Hier noch einmal gesondert der kritische Brief von P. Pricken:

DEMOKRATIE:
Wir müssen einfach schlucken?

Sehr geehrte Frau Merkel,
ich schreibe diesen Brief anlässlich eines Fernsehberichts, in dem Sie erklärt haben, den Europäischen Grundgesetzvertrag ohne wesentliche Änderungen einführen zu wollen. Ich möchte Sie hiermit daran erinnern, dass vor 2 Jahren in den Niederlanden und in Frankreich eine Volksbefragung stattfand.

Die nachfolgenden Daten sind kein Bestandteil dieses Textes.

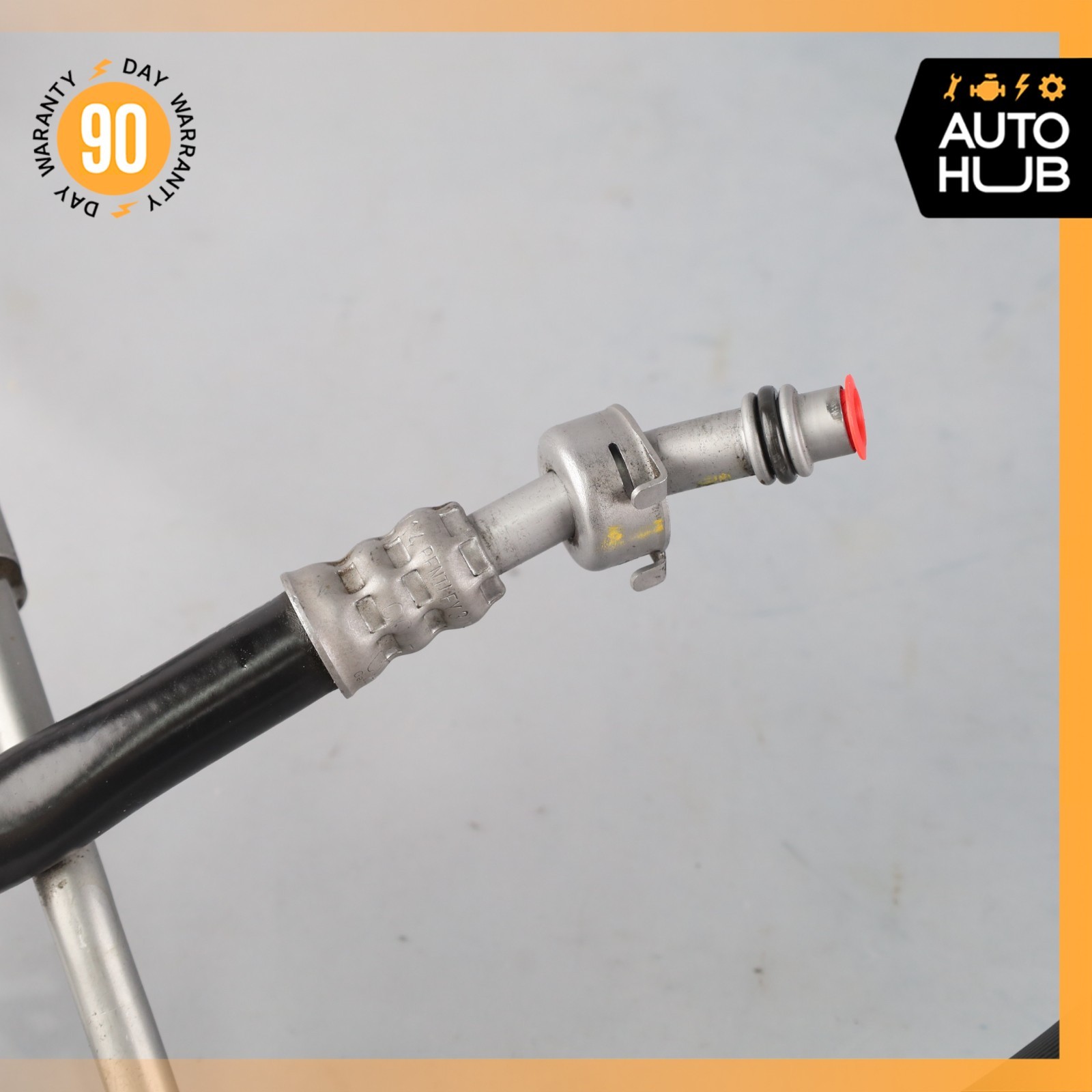 13-15 Bentley Continental GTC GT 4.0L V8 Transmission Oil Cooling Line Set OEM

Das Ergebnis dieser Volksbefragung war eindeutig - und zwar in beiden Ländern. Die Mehrheit sprach sich gegen ein Europäisches Grundgesetz aus. (Anmerkung des Tippers.: Ich glaube die Mehrheit sprach sich eher gegen DIESES Europäische Grundgesetz aus).

Ich möchte Sie also fragen, wie Sie diese Tatsache und damit den Grundsatz der Demokratie mit Ihrem Vorhaben, das Gesetz trotzdem einführen zu wollen, in Einklang bringen wollen? Meiner Meinung nach bedeutet Demokratie, dass die gewählten Volksvertreter den Willen des Volkes ausführen sollten und nicht das Volk einfach zu schlucken hat, was die Volksvertretung sich einfallen lässt. Ich weiß, dass Deutschland unter dem Vorwand eine Demokratie zu sein ein verkappter Polizeistaat ist und meint, dem Rest des Europäischen Volkes vorschreiben zu können was sie zu tun haben.

Als Bürger der Niederlande weiß ich aber, dass in den Niederlanden die Demokratie noch funktioniert. Sollten Sie in Ihrem Vorhaben, den Europäischen Grundgesetzvertrag gegen den Willen der Bevölkerung einzuführen erfolgreich sein, so wird dies in der niederländischen Bevölkerung aus großen Widerstand stoßen, der, wie ich hoffe, bis zum zivilen Ungehorsam gehen wird.